この構造体は、vDSOに関する情報を保持します。変更前はnum_sym(シンボル数)を持っていましたが、これはセクションヘッダから取得される情報でした。変更後は、ELFハッシュテーブルの構造を直接反映するbucketchainnbucketnchainが追加されました。これにより、ハッシュテーブルベースのシンボルルックアップに必要な情報が全てこの構造体内に集約されます。

symbol_key 構造体と sym_keys 配列

symbol_key構造体は、ルックアップしたい各vDSO関数の名前と、その関数ポインタを格納するGoランタイム内の変数へのポインタを保持します。このコミットでsym_hashフィールドが追加されました。これは、各シンボル名に対応するELFハッシュ値(elf_hash関数で計算される)を事前に格納するためのものです。これにより、シンボルルックアップ時に毎回ハッシュ値を計算する手間が省かれ、効率が向上します。sym_keys配列には、__vdso_time, __vdso_gettimeofday, __vdso_clock_gettimeの3つの関数とそのハッシュ値、対応するGoランタイム変数が定義されています。
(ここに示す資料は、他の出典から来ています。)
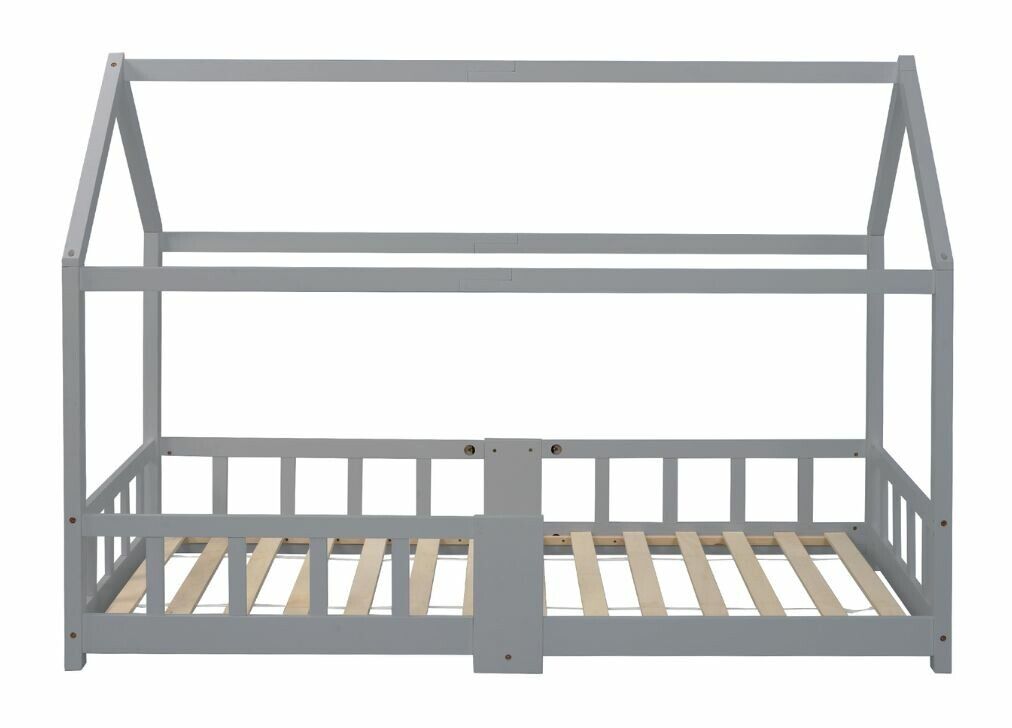 Cama de criança em madeira de pinho cinzento, formato de casa, com estrado de ripas e quadro preto 90 x 200 cm (sem colchão) drakrie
vdso_init_from_sysinfo_ehdr 関数

この関数は、vDSOのELFヘッダから必要な情報を初期化します。

  • セクションヘッダの解析削除: 従来のvDSOはセクションヘッダを持っていましたが、Linux 3.16以降ではこれがなくなるため、セクションヘッダを走査してSHT_DYNSYM(ダイナミックシンボルセクション)からシンボル数を取得するロジックが削除されました。
  • DT_HASHの処理追加: ダイナミックセクションを走査する際に、新たにDT_HASHタグを認識し、その値(ハッシュテーブルのアドレス)を取得するようになりました。
  • ハッシュテーブルヘッダの解析: 取得したハッシュテーブルのアドレスから、最初の2つのElf64_Wordを読み取り、それぞれnbucket(バケット数)とnchain(チェーン数)として設定します。その後、bucket配列とchain配列へのポインタを適切に設定します。これにより、ハッシュテーブルの構造がGoランタイムに認識されます。
  • 有効性チェックの強化: symstrings(文字列テーブル)、symtab(シンボルテーブル)に加えて、hash(ハッシュテーブル)も正常に取得できた場合にのみvdso_info->validtrueに設定するようになりました。これは、ハッシュテーブルがシンボルルックアップに必須となったためです。

vdso_parse_symbols 関数

この関数は、初期化されたvDSO情報を使って、目的のシンボル(関数)をvDSO内で検索し、そのアドレスをGoランタイムの対応する変数に設定します。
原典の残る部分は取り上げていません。